The issue is that \B (zero-width non-word boundary) only seems to match at the beginning of the line, so $1 works but $2 and following fields do not match the regex, so they are not substituted and remain uppercase. Not sure why \B doesn't match except for the first field... B should match anywhere within any word:

echo 'ABCD EFGH IJKL MNOP' | awk '{for (i=1; i<=NF; ++i) { print match($i, /\B/); }}'
2   # \B matches ABCD at 2nd character as expected
0   # no match for EFGH
0   # no match for IJKL
0   # no match for MNOP

Anyway to achieve your result (capitalize only the first character of the line), you can operate on $0 (the whole line) instead of using a for loop:

echo 'ABCD EFGH IJKL MNOP' | awk '{print toupper(substr($0,1,1)) tolower(substr($0,2)) }'

Or if you still wanted to capitalize each word separately but with awk only:

awk '{for (i=1; i<=NF; ++i) { $i=toupper(substr($i,1,1)) tolower(substr($i,2)); } print }'
Anders Johansson
  • 3,926
  • 19
  • 19
  • Thank you for showing that `\B` unfortunately only operates at the beginning of the line.
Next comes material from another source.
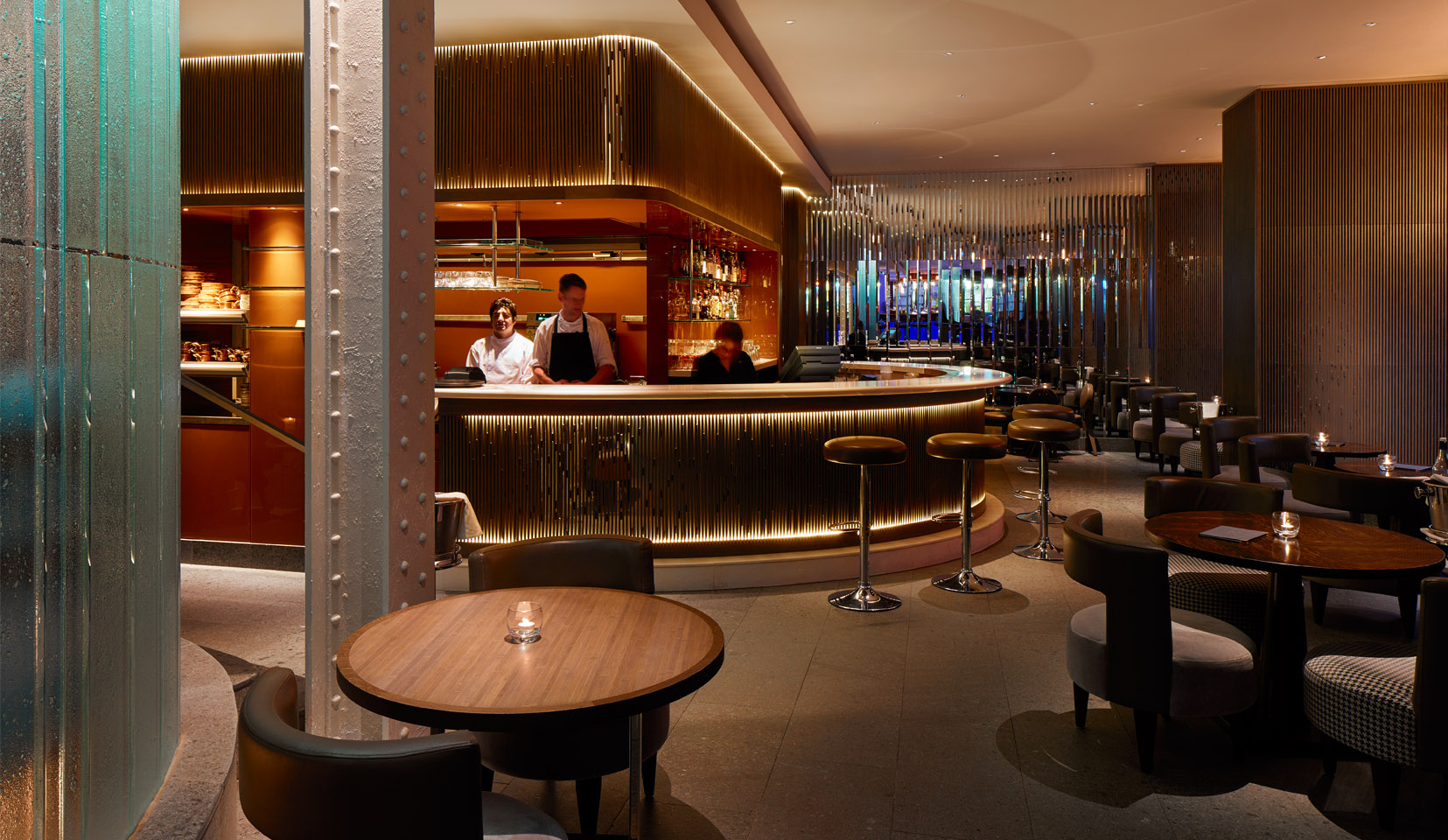 Luxury hotel bar with bar stools and small tables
With your suggested construct without the `for` loop, the first word changed case as desired but the remainder became lowercase: Abcd efgh ijkl mnop – scolfax Jan 03 '13 at 14:01
  • @scolfax, yes at first I interpreted your request "I wanted to change the case of all but the first letter to lowercase" as all letters of the *line*. But I also provided a second construct below, in case you wanted to uppercase the first letter of each *word* instead. – Anders Johansson Jan 03 '13 at 14:05
  • That did it! Simpler than using the `sub` command. Thank you very much. I've been a `grep` and `sed` person for some time, but it's finally time to dive into `awk`! – scolfax Jan 03 '13 at 14:18
4

When matching regex using the sub() function or others (like gsub() etc), it's best used in the following form:

sub(/regex/, replacement, target)

This is different from what you have:

sub("regex", replacement, target)

So your command becomes:

awk '{ for (i=1;i<=NF;i++) sub(/\B\w+/, substr(tolower($i),2), $i) }1'

Results:

Abcd Efgh Ijkl Mnop

This article on String Functions maybe worth a read. HTH.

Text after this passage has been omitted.